The subscription provides unlimited hot coffee, iced coffee, or hot tea at all Panera restaurants for a monthly fee of $9, or about $108 annually. Panera is rolling it out nationwide over the next week to members of its MyPanera loyalty program.
Subscribers will start saving money after about their fourth cup of coffee, according to prices in Richmond, Virginia, where a single cup of Panera’s coffee costs $2.20.
A subscription like this is unprecedented for Panera.
"We are the first brand to do it, and we're super excited about that," Panera CEO Niren Chaudhary told Business Insider. "We feel that this is a terrific way to get consumers more interested in not only in our coffee platform but also for them to get exposed to the strength of the food that we have in our cafes, particularly around breakfast."

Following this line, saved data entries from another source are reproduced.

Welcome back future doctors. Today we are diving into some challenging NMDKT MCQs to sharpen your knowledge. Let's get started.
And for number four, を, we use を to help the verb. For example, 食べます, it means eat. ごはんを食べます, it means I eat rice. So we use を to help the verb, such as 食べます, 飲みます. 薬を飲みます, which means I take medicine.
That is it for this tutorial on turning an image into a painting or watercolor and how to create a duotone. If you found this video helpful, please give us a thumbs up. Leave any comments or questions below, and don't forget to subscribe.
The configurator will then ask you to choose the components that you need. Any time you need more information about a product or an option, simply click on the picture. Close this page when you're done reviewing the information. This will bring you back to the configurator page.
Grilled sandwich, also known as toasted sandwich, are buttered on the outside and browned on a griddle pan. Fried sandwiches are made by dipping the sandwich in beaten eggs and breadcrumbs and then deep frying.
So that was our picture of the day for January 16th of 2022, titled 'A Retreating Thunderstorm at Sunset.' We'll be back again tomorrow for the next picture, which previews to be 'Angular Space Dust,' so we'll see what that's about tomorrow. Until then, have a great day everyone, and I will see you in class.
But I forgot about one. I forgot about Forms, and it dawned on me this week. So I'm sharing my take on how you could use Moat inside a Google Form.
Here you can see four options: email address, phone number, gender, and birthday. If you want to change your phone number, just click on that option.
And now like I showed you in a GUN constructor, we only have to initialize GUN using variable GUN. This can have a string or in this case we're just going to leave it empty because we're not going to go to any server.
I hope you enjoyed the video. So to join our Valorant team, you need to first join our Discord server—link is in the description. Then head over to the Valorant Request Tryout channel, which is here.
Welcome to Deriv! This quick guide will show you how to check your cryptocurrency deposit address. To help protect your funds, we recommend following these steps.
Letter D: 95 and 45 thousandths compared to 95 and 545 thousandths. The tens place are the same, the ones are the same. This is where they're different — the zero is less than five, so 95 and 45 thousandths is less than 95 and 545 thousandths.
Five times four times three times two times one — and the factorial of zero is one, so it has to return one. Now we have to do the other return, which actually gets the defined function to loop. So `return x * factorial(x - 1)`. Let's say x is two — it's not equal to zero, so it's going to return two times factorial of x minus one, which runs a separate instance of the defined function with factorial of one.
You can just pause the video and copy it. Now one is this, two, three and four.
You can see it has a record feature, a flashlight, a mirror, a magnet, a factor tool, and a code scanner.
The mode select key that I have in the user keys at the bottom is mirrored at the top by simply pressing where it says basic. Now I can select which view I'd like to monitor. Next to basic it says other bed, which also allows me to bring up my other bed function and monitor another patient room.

Subscribers in test markets visited Panera every other day
Panera tested the coffee-subscription model in about 150 restaurants across three states before deciding to roll it out nationwide.
Subscribers in test markets visited Panera almost every other day, and many of those customers purchased food during their visits, Chaudhary said. More than 90% of subscribers renewed their memberships for subsequent months.
"This was a win clearly for the customers because they saw unbeatable value," he said. "And it was a win for us as a business in terms of driving incremental traffic, incremental food purchases, and therefore incremental profit dollars."
The subscription also lured new customers to Panera. Test markets saw a 25% increase in sign-ups to Panera's loyalty program, and almost all of those sign-ups came from customers who are new to Panera, according to the company.
Customers must sign up for the loyalty program, which has more than 38 million members, to access the unlimited-coffee subscription.
Panera's subscription could expand beyond coffee
MyPanera members can sign up for the subscription through Panera's app starting on Thursday. In-store sign-ups will be available starting March 2.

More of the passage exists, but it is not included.